Mayıs ayında Giresun’daki HES inşaatında ölen dört işçiyi hatırlayın. Toprak kayması sonucu hayatını kaybeden işçilerin aileleri kazadan bir süre önce heyelan uyarısı yapıldığını ama firma yetkililerinin önlem almadığını söylemişlerdi. Aynı inşaatta, bu kazadan altı ay önce bir başka işçinin yine toprak kaymasından dolayı öldüğünü yazsam ne değişir bilemiyorum. Teoride insanlar her şeye muktedir. Elektrik çarpmadan yeni iletim hatları döşemeye, kaza yapmadan araç sürmeye, toprak altında kalmadan baraj yapmaya bir engel yok. İş kazalarının sayısının ülkeden ülkeye değişmesi bile buna bir örnek. Bir işçinin çalışırken ölmesi kimi ülkede büyük suç kimilerinde ise “takdir-i ilahi”; yani Tanrı’nın takdiri.
TAKDİR-İ İLAHİ
Evet, bana sorarsanız tüm bu işçi ölümleri takdir-i ilahi. Şaşırdığınızı biliyorum, neden böyle düşündüğümü matematikle açıklayayım. Enerji Piyasası Düzenleme Kurumu Başkanı Hasan Köktaş geçenlerde bir demeç verdi. Doğu Karadeniz’de HES(hidroelektrik santrali) sayısı 375’i bulabilirmiş. Her biri için Giresun'daki gibi beş işçi feda etsek, hepsi tamamlandığında ölecek işçi sayısı bin 875'i bulur. Şu ana kadar tamamlanan HES sayısı ise 45 taneymiş. Evrensel Gazetesi bugüne kadar HES inşaatlarında ölen işçi sayısının 300’ü bulduğunu yazmıştı (15 Mayıs 2012). Bölün 45’e, sonuç 6, 6. Giresun’da inşaatı süren HES inşaatında ölen işçi sayısından farklı değil. Bu sadece bir rakam değil, bu bir cinayetin matematiksel tarifi; gerçeğin sağlaması. Büyüklüğüne küçüklüğüne aldırmadan, bu ülkenin yetkililerinin her bir HES inşaatı için 5-6 işçiyi gözden çıkardığını söylersek çok da yanlış yapmış olmayız diye düşünüyorum.

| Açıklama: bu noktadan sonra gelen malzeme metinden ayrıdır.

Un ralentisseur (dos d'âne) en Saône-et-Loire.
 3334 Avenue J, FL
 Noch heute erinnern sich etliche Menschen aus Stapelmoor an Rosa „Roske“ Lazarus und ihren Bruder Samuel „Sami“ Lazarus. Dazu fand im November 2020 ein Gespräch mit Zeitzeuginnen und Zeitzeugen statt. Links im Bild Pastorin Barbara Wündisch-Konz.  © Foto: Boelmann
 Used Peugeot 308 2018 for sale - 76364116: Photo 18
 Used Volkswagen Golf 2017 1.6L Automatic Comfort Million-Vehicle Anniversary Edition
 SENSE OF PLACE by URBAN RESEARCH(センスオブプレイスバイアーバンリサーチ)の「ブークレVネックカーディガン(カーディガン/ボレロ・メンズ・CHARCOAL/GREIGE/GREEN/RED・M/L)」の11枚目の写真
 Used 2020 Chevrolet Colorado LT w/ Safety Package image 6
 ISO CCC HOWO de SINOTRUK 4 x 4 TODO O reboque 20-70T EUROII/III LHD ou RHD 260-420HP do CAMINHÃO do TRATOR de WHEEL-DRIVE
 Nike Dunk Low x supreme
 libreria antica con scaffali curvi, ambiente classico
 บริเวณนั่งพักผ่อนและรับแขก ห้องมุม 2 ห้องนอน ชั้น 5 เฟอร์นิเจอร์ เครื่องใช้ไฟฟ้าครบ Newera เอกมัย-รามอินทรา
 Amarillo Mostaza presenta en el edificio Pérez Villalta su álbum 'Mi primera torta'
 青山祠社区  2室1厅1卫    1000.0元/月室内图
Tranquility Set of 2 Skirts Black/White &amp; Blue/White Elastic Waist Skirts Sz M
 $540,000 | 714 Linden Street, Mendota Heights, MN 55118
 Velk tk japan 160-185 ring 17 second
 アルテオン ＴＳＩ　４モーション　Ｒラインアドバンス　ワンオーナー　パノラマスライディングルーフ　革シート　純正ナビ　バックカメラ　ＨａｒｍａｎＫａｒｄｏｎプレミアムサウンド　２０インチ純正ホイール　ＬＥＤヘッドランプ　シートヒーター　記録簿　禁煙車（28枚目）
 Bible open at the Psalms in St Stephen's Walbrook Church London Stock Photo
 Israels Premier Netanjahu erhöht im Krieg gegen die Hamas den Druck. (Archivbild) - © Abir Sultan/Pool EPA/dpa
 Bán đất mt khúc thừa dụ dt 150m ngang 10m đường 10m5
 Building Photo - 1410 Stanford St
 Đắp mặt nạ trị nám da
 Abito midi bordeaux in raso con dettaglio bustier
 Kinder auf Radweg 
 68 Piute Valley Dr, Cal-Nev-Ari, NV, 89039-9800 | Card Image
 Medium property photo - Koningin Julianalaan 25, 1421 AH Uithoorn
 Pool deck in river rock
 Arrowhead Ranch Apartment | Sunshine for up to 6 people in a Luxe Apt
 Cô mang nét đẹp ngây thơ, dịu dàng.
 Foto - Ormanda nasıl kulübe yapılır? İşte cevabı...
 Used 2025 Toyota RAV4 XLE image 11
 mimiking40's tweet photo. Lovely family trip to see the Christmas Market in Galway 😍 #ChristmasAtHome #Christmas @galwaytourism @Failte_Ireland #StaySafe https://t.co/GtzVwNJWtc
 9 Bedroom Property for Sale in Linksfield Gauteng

Sadece HES mi? AVM inşaatlarında, yol yapımında, tarlalarda, maden ve tersanelerde işçilerin ölümü tesadüf mü? Çok mu şaşırıyoruz ölüm haberi geldiğinde? İşler yavaşlatılsa, kar marjları düşürülse, tüketim çılgınlığının önüne geçilse memlekette bu kadar insan ölmez. Ölmez ama takdir-i ilahi diye bir şey var. Nedir ilahi olan? İlahi olan Adalet ve Kalkınma Partisi’nin yarattığı ve adına “ekonomik büyüme” dediğimiz bu yeni tanrı. Bu yeni tanrının kudretini, gücünü kaybetmeden yaşayabilmesi için işçilerin ölmesi, tanrıya kurban edilmesi gerek. Büyüme tanrısını mutlu etmek için her gün verdiğimiz kurbanlardan biri insan yaşamı, diğeri doğa. Öyle vahşi, doymaz bir tanrı yarattılar ki, onu mutlu etmek için bu ülkenin insanları her gün canlarını, doğası ise ağaçlarını, nehirlerini, suyunu, denizini, ormanını ve temiz havasını kurban ediyor. Karadeniz'e yapılacak 350 HES'in üzerine kurulacağı nehirleri düşünün. Madencilere peşkeş çekilen Kazdağları'nı, çimento fabrikalarına kurban edilen Pazarcık-Narlı Ovası'nı, sanayi atıklarıyla doldurulan Küçü Menderes Nehri'ni, Marmara Denizi'ni, tarihe tanıklık etmiş Allionai'yi ve daha nice kültürel ve doğal mirası kendi elimizle yarattığımız bu tanrıya kurban etmedik mi? Dicle üzerine kurulan Ilısu Barajı bir tanrı gibi Hasankeyf'in canını almayacak mı? Adaklar tükendiğinde adak taşına konacak başın bize ait olacağının farkında değil miyiz?
Hepsinden geçtim, insan eliyle tanrı yaratıp ona adaklar sunmak putperestlik sayılmaz mı?
***
İşçi ölümleriyle ilgili rakamların birçoğu guvenlicalisma.org sitesinden alınmıştır.